Defesa dos usuários de Serviços Públicos

Defesa dos usuários de Serviços Públicos

Em 2020, o Código de Defesa do Consumidor (CDC) completa 30 anos de existência. É dispensável falar sobre como essa lei é importante para o Brasil, e como representa um verdadeiro marco para equilibrar as relações comerciais no contexto da sociedade de consumo atual. Hoje é possível encontrar data de vencimento e informação nutricional em todos os produtos no mercado, as empresas possuem canais de comunicação com os consumidores, que estão cada vez mais conscientes de seus direitos, e existe um órgão forte e independente para processar reclamações - o Programa de Proteção e Defesa do Consumidor (PROCON).
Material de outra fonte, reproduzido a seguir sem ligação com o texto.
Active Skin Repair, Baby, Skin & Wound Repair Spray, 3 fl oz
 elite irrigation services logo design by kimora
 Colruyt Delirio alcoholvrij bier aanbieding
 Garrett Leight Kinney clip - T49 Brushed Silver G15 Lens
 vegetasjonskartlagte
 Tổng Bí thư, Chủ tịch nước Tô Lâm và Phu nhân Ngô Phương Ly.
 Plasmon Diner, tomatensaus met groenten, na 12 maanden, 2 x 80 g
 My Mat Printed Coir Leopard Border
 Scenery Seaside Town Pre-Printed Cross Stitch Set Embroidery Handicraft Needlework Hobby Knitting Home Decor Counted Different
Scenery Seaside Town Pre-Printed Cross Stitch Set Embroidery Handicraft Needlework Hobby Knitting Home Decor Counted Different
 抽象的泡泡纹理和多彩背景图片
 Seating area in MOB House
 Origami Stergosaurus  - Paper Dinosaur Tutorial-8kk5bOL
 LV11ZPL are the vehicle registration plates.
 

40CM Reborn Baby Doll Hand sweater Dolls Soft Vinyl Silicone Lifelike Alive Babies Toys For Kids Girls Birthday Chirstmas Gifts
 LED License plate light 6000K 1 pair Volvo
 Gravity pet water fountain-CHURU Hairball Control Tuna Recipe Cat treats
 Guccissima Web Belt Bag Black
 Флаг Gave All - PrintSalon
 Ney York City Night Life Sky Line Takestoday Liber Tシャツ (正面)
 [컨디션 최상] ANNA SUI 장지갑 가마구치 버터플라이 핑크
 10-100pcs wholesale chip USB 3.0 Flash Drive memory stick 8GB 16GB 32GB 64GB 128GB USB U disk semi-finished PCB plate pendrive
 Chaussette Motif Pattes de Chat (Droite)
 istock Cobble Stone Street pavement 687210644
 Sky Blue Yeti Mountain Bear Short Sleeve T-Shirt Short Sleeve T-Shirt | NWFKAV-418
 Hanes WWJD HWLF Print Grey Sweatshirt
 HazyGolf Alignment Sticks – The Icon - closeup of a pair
Contudo, já parou para se perguntar a quais tipos de serviços o CDC se aplica? Será que se aplica, por exemplo, àqueles prestados pela Administração Pública, como o serviço de saúde prestado em uma UBS? O cidadão é considerado consumidor dos serviços públicos? O presente artigo tem por objetivo responder a essas questões e informar o leitor a respeito de seus direitos enquanto usuário de serviços públicos.

 

Serviços Públicos e o CDC

O Código de Defesa do Consumidor é aplicável sempre que houver uma relação de consumo com três elementos básicos: consumidor, fornecedor e produto ou serviço. Com relação especificamente aos serviços oferecidos pelo governo, a própria lei diz que tem como princípio a racionalização e melhoria dos serviços públicos (art. 4º, VII) e que é direito do consumidor a prestação eficaz e adequada destes (art. 6º, X). Além disso, o art. 22 do CDC reforça essas ideias e afirma que se as pessoas jurídicas responsáveis não prestarem os serviços públicos de forma adequada, eficiente e segura, elas podem ser responsabilizadas como qualquer outro prestador de serviços.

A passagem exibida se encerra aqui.